Instructions to follow:
Reproduce exactly the run of lines that begins with the one containing "AOP SHORT T-SHIRT SET" and ends with the last line of the records, omitting pictures.

=== Records shown ===

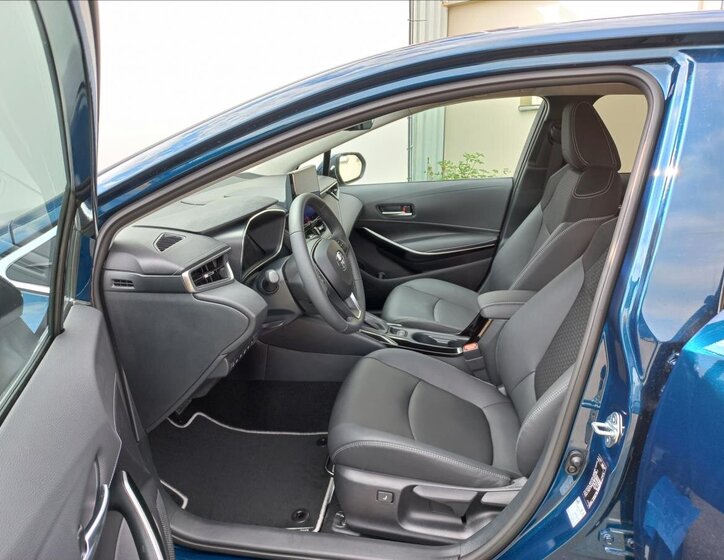 Toyota Corolla Sedan / Limuzína 1,8 l 0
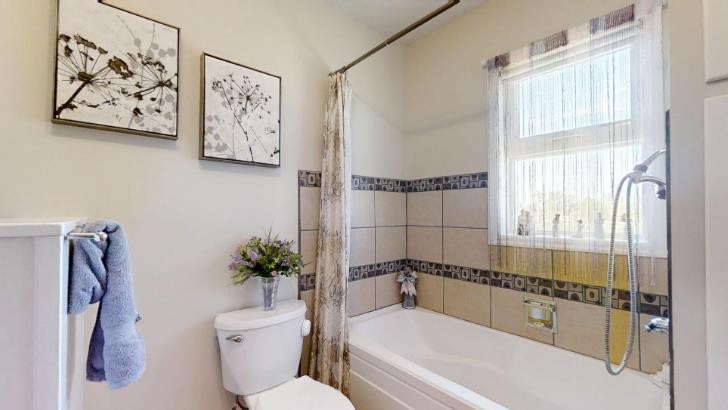 265061 A Hwy 785, Rural Willow Creek No. 26, M.D. Of, AB - Indoor Photo Showing Bathroom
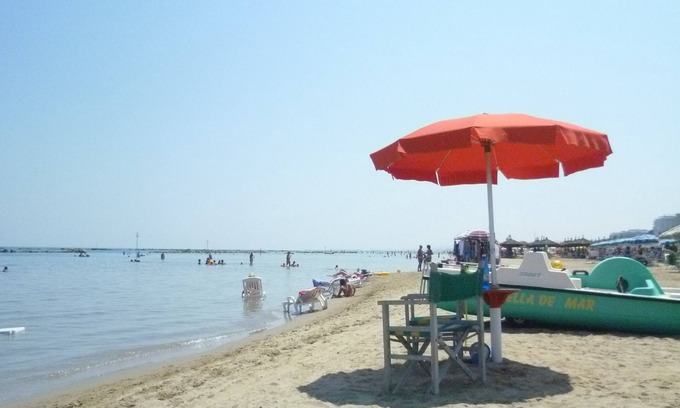 Montesilvano Apartment | Studio 40 m2 150 meters from the beach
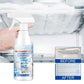 🧊 50 % RABATT😣 Tjock is i frysen? Effektiv avfrostningsspray för snabbare och enklare upptining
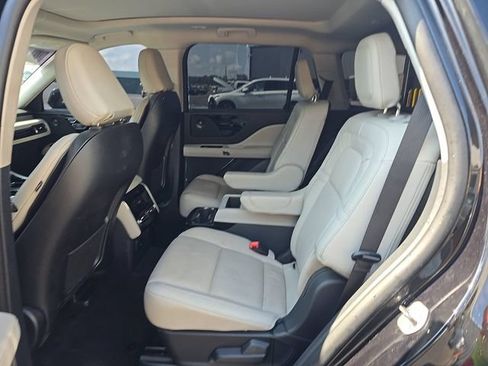 Used 2025 Lincoln Aviator Reserve w/ Jet Appearance Package RWD image 17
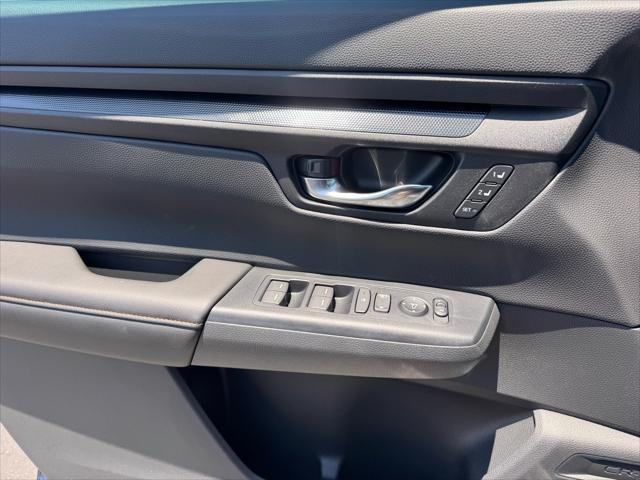 new 2025 Honda CR-V Hybrid car, priced at $37,444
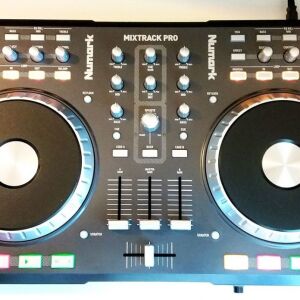 Numark Mixtrack Pro DJ Console Controller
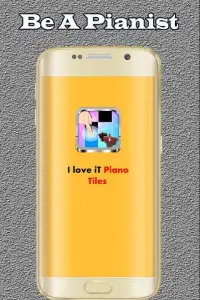 Piano Magic Tiles 3 - Music I Love it lil Pump Screen Shot 4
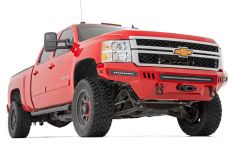 3.5 Inch Lift Kit - Knuckle - Vertex - Chevy/GMC 2500HD/3500HD (11-19)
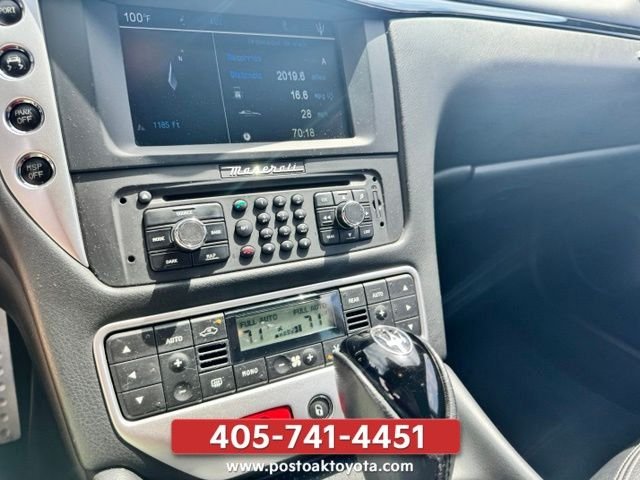 Used 2009 Silver Maserati S image 41
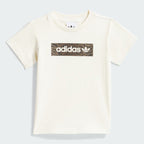 AOP SHORT T-SHIRT SET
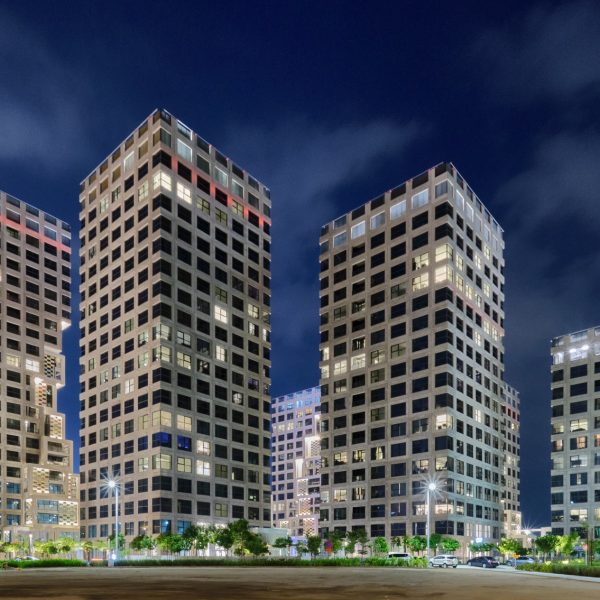 pixel mvrdv housing residential architecture abu dhabi uae dezeen Hero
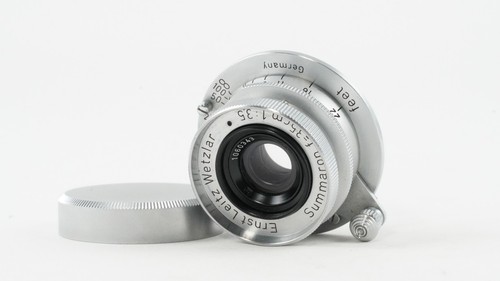 Problème leica summaron - 【problème】leica,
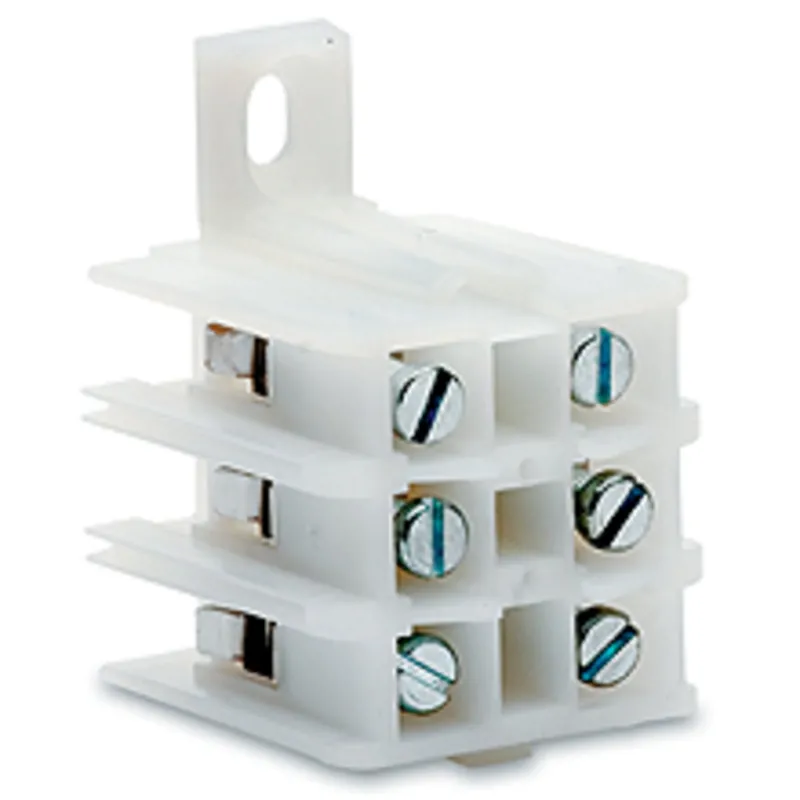 EFSE KT3-WH Base Mount White Termin Brand New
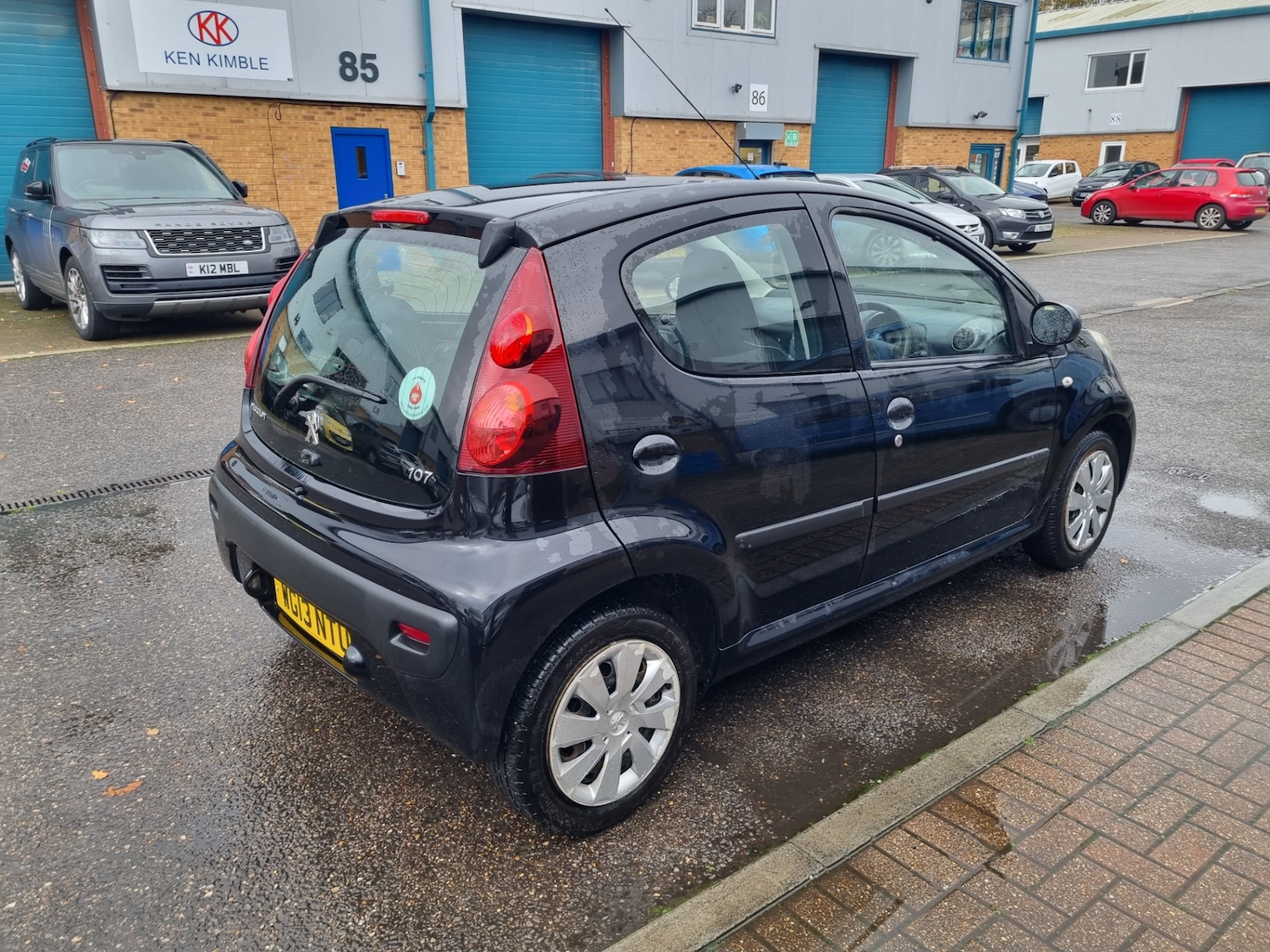 Used Peugeot 107 2013 for sale - 76595512: Photo 13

===

Result for this task:
 AOP SHORT T-SHIRT SET
 pixel mvrdv housing residential architecture abu dhabi uae dezeen Hero
 Problème leica summaron - 【problème】leica,
 EFSE KT3-WH Base Mount White Termin Brand New
 Used Peugeot 107 2013 for sale - 76595512: Photo 13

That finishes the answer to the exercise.